BSC 1011C
General Biology II
Dr. Graeme Lindbeck
glindbeck@valenciacollege.edu


Plant Diversity I: How Plants Colonized Land

Outline

A. An Overview of Land Plant Evolution

  1. Evolutionary adaptations to terrestrial living characterize the four main groups of land plants
  2. Charophyceans are the green algae most closely related to land plants
  3. Several terrestrial adaptations distinguish land plants from charophycean algae

B. The Origin of Land Plants

  1. Land plants evolved from charophycean algae over 500 million years ago
  2. Alternation of generations in plants may have originated by delayed meiosis
  3. Adaptations to shallow water preadapted plants for living on land
  4. Plant taxonomists are reevaluating the boundaries of the plant kingdom
  5. The plant kingdom is monophyletic

C. Bryophytes

  1. The three phyla of bryophytes are mosses, liverworts, and hornworts
  2. The gametophyte is the dominant generation in the life cycles of bryophytes
  3. Bryophyte sporophytes disperse enormous numbers of spores
  4. Brophytes provide many ecological and economic benefits

D. The Origin of Vascular Plants

  1. Additional terrestrial adaptations evolved as vascular plants descended from mosslike ancestors
  2. A diversity of vascular plants evolved over 400 million years ago

E. Pteridophytes: Seedless Vascular Plants

  1. Pteridophytes provide clues to the evolution of roots and leaves
  2. A sporophyte-dominant life cycle evolved in seedless vascular plants
  3. Lycophyta and Pterophyta are the two phyla of modern seedless vascular plants
  4. Seedless vascular plants formed vast "coal forests" during the Carboniferous period

Introduction

More than 280,000 species of plants inhabit Earth today.

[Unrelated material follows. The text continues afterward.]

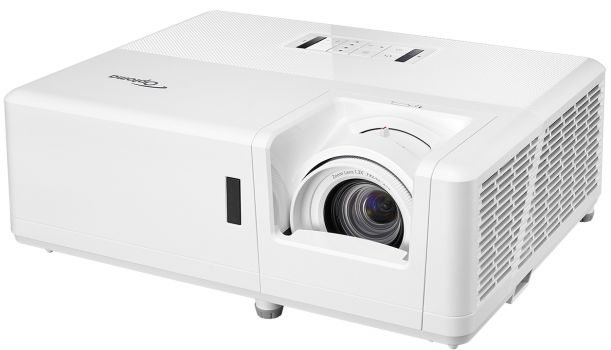 Image Optoma ZW400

Most plants live in terrestrial environments, including deserts, grasslands, and forests.

Land plants (including the sea grasses) evolved from a certain green algae, called charophyceans.

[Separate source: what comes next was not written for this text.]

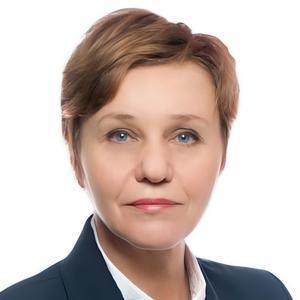 Ильина Наталья Леонидовна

1. Evolutionary adaptations to terrestrial living characterize the four main groups of land plants

There are four main groups of land plants: bryophytes, pteridophytes, gymnosperms, and angiosperms.

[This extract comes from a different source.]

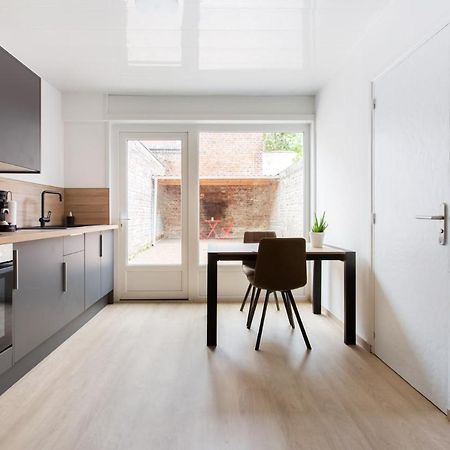 Residence Poterne Βαλενσιέν Εξωτερικό φωτογραφία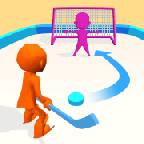 曲棍球高手3D版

Mosses and other bryophytes have evolved several adaptations, especially reproductive adaptations, for life on land.

The other major groups of land plants evolved vascular tissue and are known as the vascular plants.

Ferns and other pteridiophytes are sometimes called seedless plants because there is no seed stage in their life cycles.

The evolution of the seed in an ancestor common to gymnosperms and angiosperms facilitated reproduction on land.

The early seed plants gave rise to the diversity of present-day gymnosperms, including conifers.

The great majority of modern-day plant species are flowering plants, or angiosperms.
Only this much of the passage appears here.